El turismo parecía proporcionar una alternativa. Debido a la iglesia colonial y a una serie de aguas termales naturales, Orosi había sido por mucho tiempo un destino de turismo rural para los costarricenses, pero no fue sino hasta la década del ochenta que tuvo un impacto significativo en la economía local. En 1986, el Instituto Costarricense del Turismo (ICT) implementó la campaña Orosi Colonial, enfocándose en la belleza natural del Valle y sus lazos, supuestamente intactos, con una versión romántica del período colonial. Como el ITC aportó dinero para los materiales, Gerardo, uno de los líderes de Orosi Colonial, me dijo que los locales fueron alentados a pintar sus casas con “colores rústicos” y a eliminar elementos exteriores que no se ajustaban al estilo colonial. La campaña se declaró todo un éxito, poniendo a Orosi en el mapa turístico local e internacional.

Fue la visión del pasado, por parte de Evaristo, hecho realidad: sólo los rastros “bonitos” del pasado se trasladaron al presente (y no la pobreza). Con el tiempo, sin embargo, el dinero se agotó y los elementos no coloniales aparecieron en escena (camionetas en minúsculos garajes, antenas parabólicas y colores de pintura que habrían sido inimaginables en 1743). A medida que el pueblo creció, se hizo más difícil un acuerdo sobre una visión para el papel del turismo. Hoy, la junta del turismo se ha dividido en varios grupos, ninguno de los cuales parece ser efectivo, y los dos hombres encargados de Orosi Colonial ahora son grandes enemigos, cada uno de ellos con influencia significativa.

Orosi Colonial fue literalmente una visión de la postal del pasado: repintar la ciudad para hacer parte del ideal de cómo eran las cosas antes. Incluso los adultos jóvenes que no podrían haber recordado el pasado anterior a Orosi Colonial me expresaron una nostalgia, al desacreditar el crecimiento del pueblo y lo que ven como un enfoque en bienes materiales en vez de familiares y de valores. Orosi Colonial correspondía a la idea de un regreso a una época recordada como más sencilla, es decir, al período entre los años cuarenta y setenta, cuando se habían puesto en práctica las primeras reformas sociales nacionales, pero antes de que la gente comenzara a abandonar la agricultura. Entonces Costa Rica fue, en su mente, verdaderamente “costarricense”, y los extranjeros, nicaragüenses y “gringos” eran prácticamente desconocidos.

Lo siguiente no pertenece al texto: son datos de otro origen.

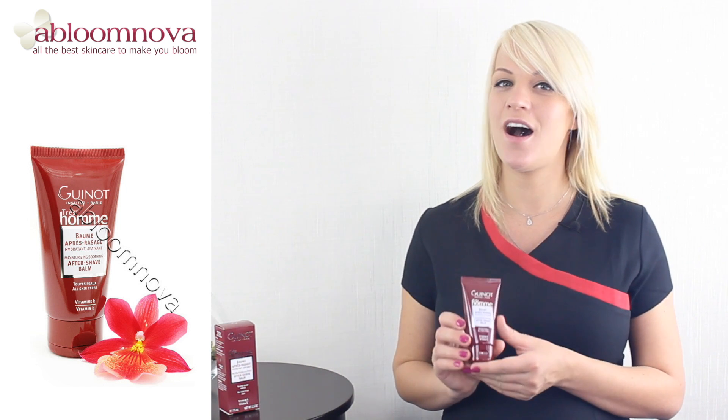Hello and welcome to the Abloomnova channel. This is the Guino Men Aftershave Balm for all skin types. This balm has three main actions: it helps to comfort, soothe and hydrate your skin.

Esta imagen nostálgica de la postal aparece en la parte posterior de algunas ediciones de Lonely Planet.7 A partir de 1996, con la apertura de la escuela de español que llevó a miles de extranjeros cada año, y hasta la crisis económica de 2008, el turismo brindó beneficio económico a cientos de pequeños empresarios, que abrieron restaurantes, hoteles y albergues; trabajaron en el transporte, vendieron artesanías y ofrecieron excursiones en deportes de aventura. Cerca del Parque Nacional Tapantí (donde se filmaron algunas escenas de la película Parque Jurásico), la zona atraía a observadores de aves y excursionistas. Orosi se convirtió en el punto de partida para los viajeros que querían visitar los volcanes Irazú y Turrialba y que no querían quedarse en San José. La postal había hecho su trabajo y la popularidad internacional de Costa Rica había hecho el resto. Los empresarios no necesitaban anunciarse. Ocurría lo mismo que con el ICE y el café: no había necesidad de esforzarse mucho.

En lugar de tener que viajar, el turismo les permitía a las personas vivir y trabajar en el pueblo, establecer sus propios horarios y ser sus propios jefes, como lo hicieron antes. Podían sentirse orgullosos, pero humildes, y sus familias podían permanecer juntas. Debido a que Orosi no había sido el objetivo del desarrollo extranjero como muchos de los pueblos de la playa, los hoteles y los restaurantes eran de propiedad local, lo que significa que los dólares turísticos se quedaban en la zona. Mientras que Orosi Colonial no pudo ser resucitado, la imagen de Orosi como destino tranquilo, pacífico y “auténtico” de Costa Rica había sido notablemente eficaz para atraer turistas, quienes también sufren de una nostalgia por una época que no vivieron (Augé, 2009, 2014; Connerton, 2009). Aunque la zona había crecido, no había cambiado tan drásticamente como otros lugares, y siguió sin cambios por el turismo en auge. Después de todo, el turismo en Orosi consistía en preservar el pasado, incluso si se trataba de una versión idealizada, encalada, no extranjera, postalizada del mismo.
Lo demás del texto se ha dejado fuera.